More than she realizes.
These seeming trifles have an important biographical, if not literary, role in the canon, because they deal not only with a love triangle (as Vendler recognizes), but also, more importantly, with a disguised identity—a recurring Shakespearean device that may also have defined de Vere’s life.
Here’s my hypothesis: De Vere’s fickle lover finds the Earl’s wit and eloquence to be less alluring than Shakespeare’s literary brilliance. To regain a lover tempted by the bard’s prodigious verbal charms, de Vere outs himself. In these sonnets, he plainly reveals that it is he, Edward, who is the real “Will.” Shakespeare is just his frontman.
This self-revelation begins in the two less maniacally pun-drunk poems that precede the two “Will” sonnets.

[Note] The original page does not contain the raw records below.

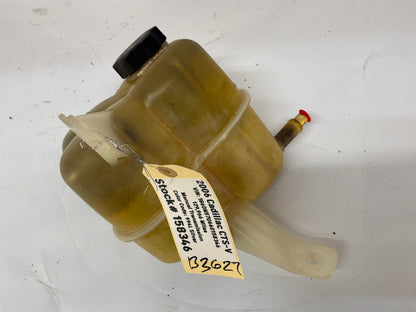 2006 Cadillac CTS-V Coolant reservoir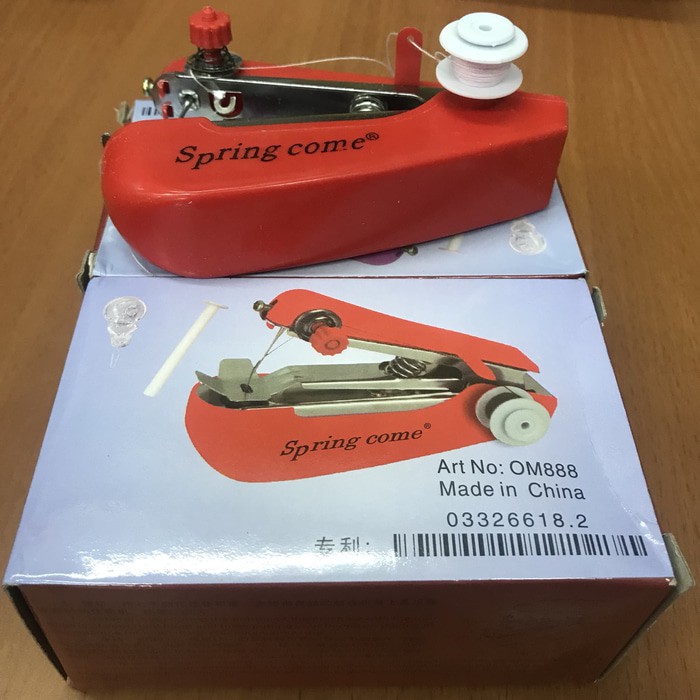 

Staples Jahit Tangan Mini Mesin Jahit Tangan Mini Staples Baju Celana
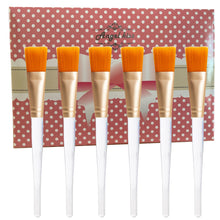 Load image into Gallery viewer, Angel Kiss 6 Pcs Makeup Brush Set - Gift Package
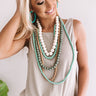 Tahiti Is Calling Layered Necklace Image - 1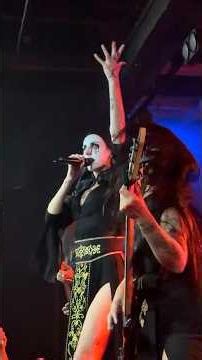 VINDICTA - Like A Prayer live from the Crowbar
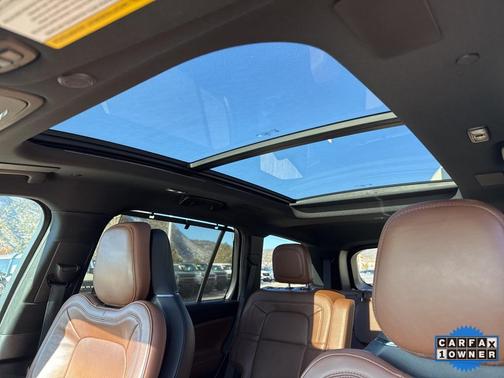 2022 Lincoln Aviator Reserve AWD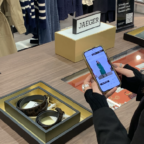 In-Store Virtual Try-On Experience for M&S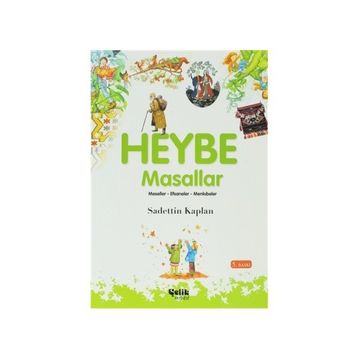 HEYBE MASALLAR - SADETTIN KAPLAN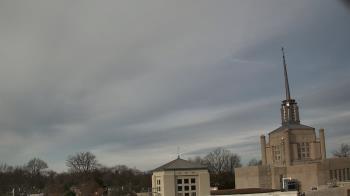 Weather camera view of Christ The King School.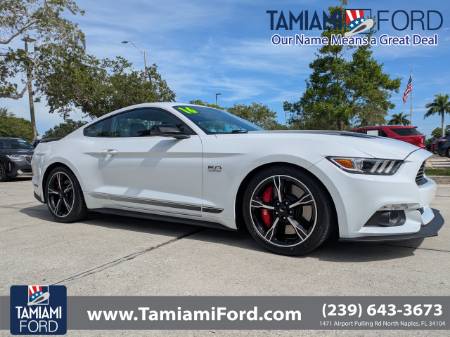 2016 Ford Mustang GT Premium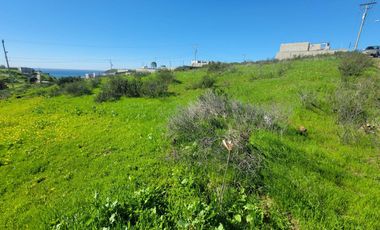 TERRENOS EN VENTA MAR DE CALAFIA - PLAYAS DE ROSARITO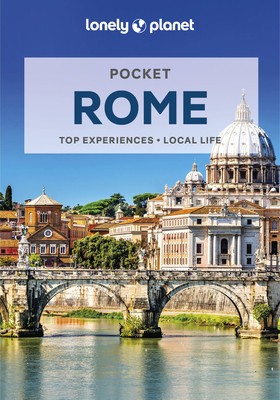 Lonely Planet Pocket Rome 8 foto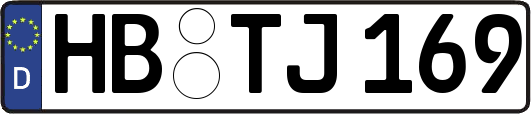HB-TJ169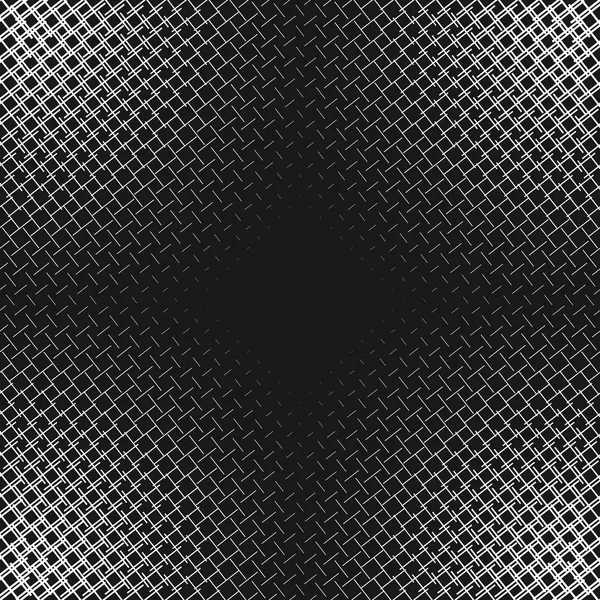 ハーフトーン線背景パターン テンプレート - 抽象的なベクトル グラフィック — ストックベクタ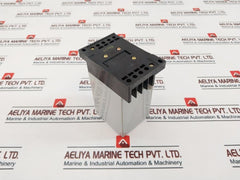 Fuji Electric Act 1a-1l Motor Guard Relay Unit 100, 110v 50/60 Hz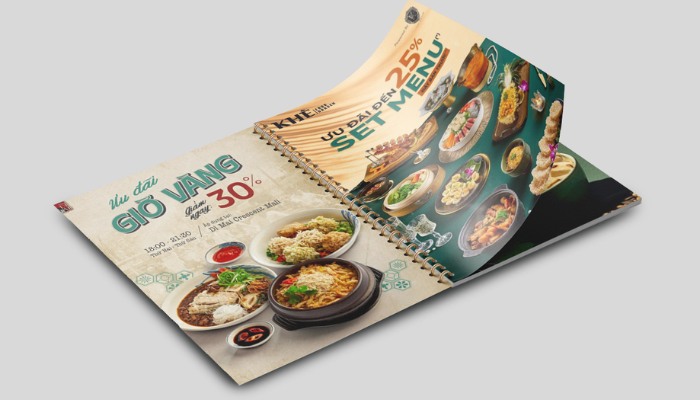 Công ty in ấn Dấu Chân Việt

In Sonnet 133, the poet bemoans his lady’s new attraction to his friend, whom he significantly calls “my next self.” In 134, he reveals that this friend is not only his alter ego, but also one who “learned but surety-like to write for me.”
The plot thickens in the next two sonnets, where the poet’s repetitive riffs on “Will” hammer away at the point that the lady’s two beloveds are really one. He begins 135 by humorously informing her that she has “Will to boot, and Will in over-plus” and then continues to cram the poem with a superfluity of “Wills.” Perhaps most revealingly (and erotically), he asks her “to hide my will in thine,” inviting her complicity in guarding his hidden identity. In the final line, he conclusively unites the dual personae: “Think all but one, and me in that one ‘Will.'”

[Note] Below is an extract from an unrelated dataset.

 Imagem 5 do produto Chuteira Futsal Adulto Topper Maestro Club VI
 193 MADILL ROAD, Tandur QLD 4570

As in the previous sonnet, he ends 136 by identifying himself as the singular Will, in a couplet that seems exasperatingly lame, unless its hidden significance is understood:
Make but my name thy love, and love that still,
And then thou lov’st me, for my name is Will.

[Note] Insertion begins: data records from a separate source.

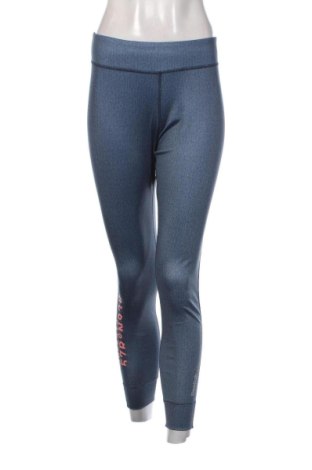 Γυναικείο κολάν Reebok, Μέγεθος XL, Χρώμα Πολύχρωμο, Τιμή 20,99 €, #136674598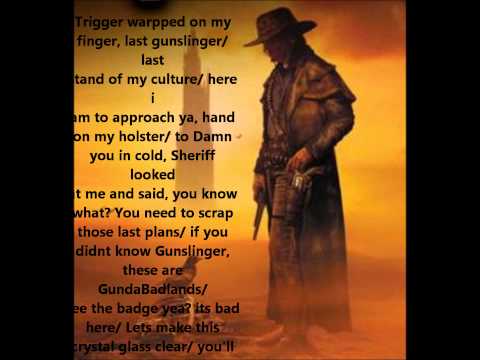 The Heavy-Short Change Hero (Remix)- Last Gunslinger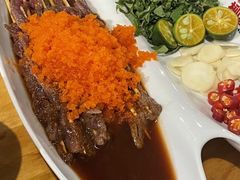 -柳喜辣·烧烤酒局(跃进总店)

Vendler derides this line as “naively triumphant (as though the mistress hadn’t known all along what his name is).” But it’s quite possible that de Vere’s paramour actually never did know about his wily Will-ness. After all, the poet who penned these intimate and sometimes transgressive sonnets may have prudently kept them locked away—yet another secret.
What we do know is that they were first published in 1609, when de Vere, who might have been embarrassed by such self-exposure, was five years dead. Shakespeare, his surrogate self, had seven years yet to live.
And now I have also outed myself—at heart and by training an English major, not an art history major.
If you happen to find yourself in England on Wednesday, the question of “Who Was Shakespeare?” will be explored at Brunel University in Uxbridge by two distinguished Shakespearean actors—Mark Rylance (sometimes found moonlighting in inconsequential farce) and Sir Derek Jacobi.
Do you think they might transfer this provocative production to New York?